Tuesday, October 19, 2010

Details Details Details

My 50th Anniversary Sweater got interrupted many times and seemed to take ages to knit. But as I look back at my blog posts, I see it was August 12th I was knitting the sleeves. Two months in the grand scheme of knitting, only seems long.

But done and almost dry from blocking, I love it. Here are the details.

Elizabeth Zimmermann's 50th Anniversary Cardigan.

Yarn - Alpaquita. Peruvian Alpaca purchased at the KW Knitters Fair, Sept 2008. Only two years on the shelf! Although, all the garments this vendor had on display were beautifully knit with no snagged, split stitches I found the yarn to be ornery. It split easily and shows every messy stitch. I am counting on blocking and gravity to fix my sloppy knitting.

Needles- After much trial and disappointment of sleeve beginnings I settled on 4mm.
The ball band gave no suggested needle size, but to me the yarn looked best at about a DK gauge. With the 4mm needles, I achieved about 24 stitches over 4 inches.

Method - This sweater is knit in the round and later steeked. I knit the sleeves first , then started the body. Once the body and sleeves were joined, I knit for about 4 inches before starting the yoke pattern. Being short, I prefer patterned yokes that start higher up the chest. Following EZ's guiding light, I learned that the yoke depth is about 1/4 of the sweater circumference. For me that meant 10 inches.
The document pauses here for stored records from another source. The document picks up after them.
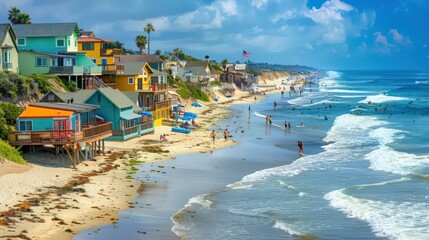 Obraz premium The vibrant coastline is dotted with colorful beach houses and bustling boardwalks,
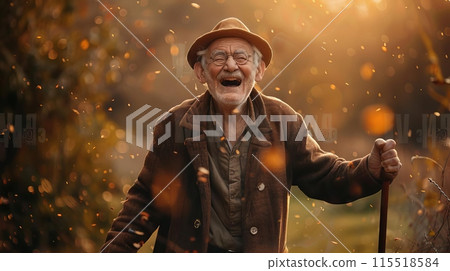 Elderly man enjoying a joyful moment outdoors in autumn, smiling and holding a walking stick under golden sunlight. Elderly man enjoying a joyful moment outdoors in autumn, smiling and holding a walking stick under golden sunlight. 115518584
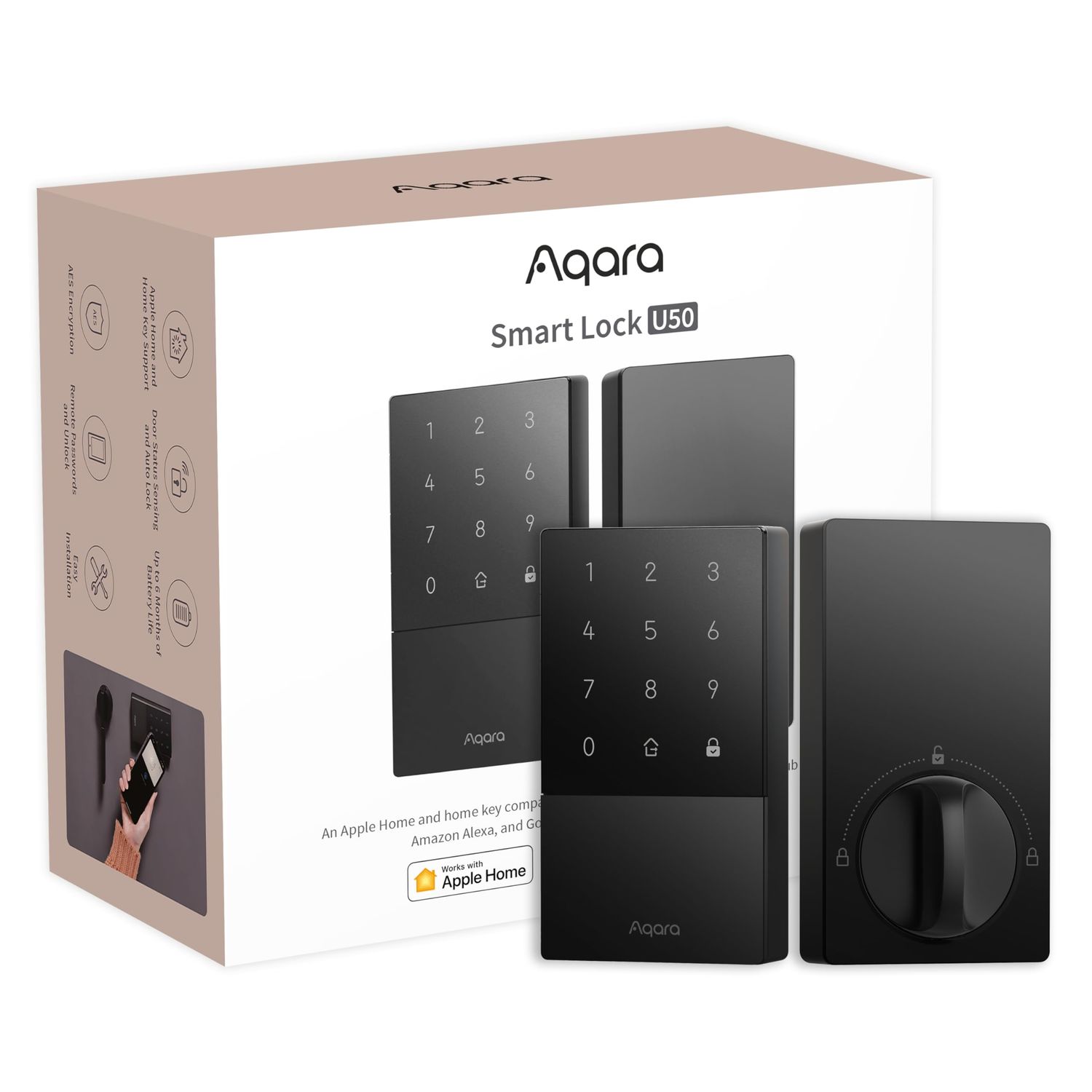 Aqara Smart Lock U50, Keyless Entry Door with Apple Home Key, Bluetooth Deadbolt Lock, App Remote Control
Relating that 10 inch bit of information to my gauge and then to the yoke chart, I realized I could remove some of the chart rows and fit the yoke into a shorter space, thus starting it further up the chest for the look I wanted. Thank you Elizabeth.

The most pleasing part of this yoke pattern - for me - was the reverse nature of the colouring. Most often, it seems, in yoke-patterned sweaters, the main colour remains the same as you near the neck, while the pattern colours change. This chart does the opposite. The pattern remains the same, while the background colour changes.
I chose the off white - the lightest of my colours - for the pattern work and you can see the background colour change from the darker body colour through a mid brown, and finally to a lighter beige. Bordered by my choice of red for the 'optional' colour row at the beginning of the chart. We're talking art here, people!
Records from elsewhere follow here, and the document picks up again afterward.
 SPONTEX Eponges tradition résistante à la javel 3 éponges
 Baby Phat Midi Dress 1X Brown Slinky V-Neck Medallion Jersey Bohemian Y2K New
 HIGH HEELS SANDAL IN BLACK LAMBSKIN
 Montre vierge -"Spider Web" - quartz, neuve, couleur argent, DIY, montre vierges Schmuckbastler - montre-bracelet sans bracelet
The bottom of the sweater and the sleeves are 2 x 2 ribbing for about 2 1/2 inches, but that is the only ribbing. The front edges and neck are bordered with two rows of I-Cord. The first row is the same colour as the body while the second row was done in a lighter tone. I am not sure that was the right choice. Being afraid of my efforts to achieve neat I-Cord trim, I chose the body colour for the first row. Less likely to show blips, but definitely, it turns out, less likely to be seen at all. It shows up nicely around the neck though.

The button holes are invisible. They sit between the two rows of I-Cord and are done by simply not attaching the I-Cord for the distance of two stitches.

Steeking was easy - just one steek running up the centre front. I allowed for the steek by knitting an extra 5 stitches at centre front. At some point in my knitting life, I had heard that seed stitch was a good steek stitch, so seed stitch it was. At cutting time, however, I decided to try a crocheted steek. I REALLY like the crocheted steek - it becomes it's own cut-ends hider -
but would have been much easier to work on stockinet stitch. Next time.

The underarms were grafted. And if you know a knitter that can do this type of sleeve join without a tiny hole at each end I'd like to meet her/him. Not really. I'd rather not. But I followed Deb Gemmell's tip to close those pesky holes with what she calls a 'purse-string' closure. Simply skim the yarn in a circle around the hole and pull tightly. Like closing those little cloth purses some of us had as kids. Dead easy and it looks good.

Lastly, a poor, self-portrait shot. The photographer is fishing. When will that run end? Perhaps better pictures another time.


Vera said...

That looks nice and warm and well done. Looking forward to a better picture! I wish I had half of your talent ☺

Crazy Knitting Fool said...


Laurie said...

Brenda, it looks wonderful! I hope your photographer comes back with a tasty catch...and takes more pictures!

Sandra said...

love the trick for closing up the holes - Deb continues to be a genius...
Love the look of the sweater - just makes me want to make it, and i have the patern - must stash dive for soemthing appropriate...

Joansie said...

It really is gorgeous. It didn't really take you long at all. Thanks for all the tips.

Sel and Poivre said...

What a nice, meaty, detail laden, satisfying FO post!

I am so intrigued with your modifications to the length of the patterning at the yoke! Brilliant!

I do hope your fisherman will oblige us with a few more modeled shots!

Nicki said...

The sweater looks wonderful, I can hardly wait to see it. You're bringing it to knit group right?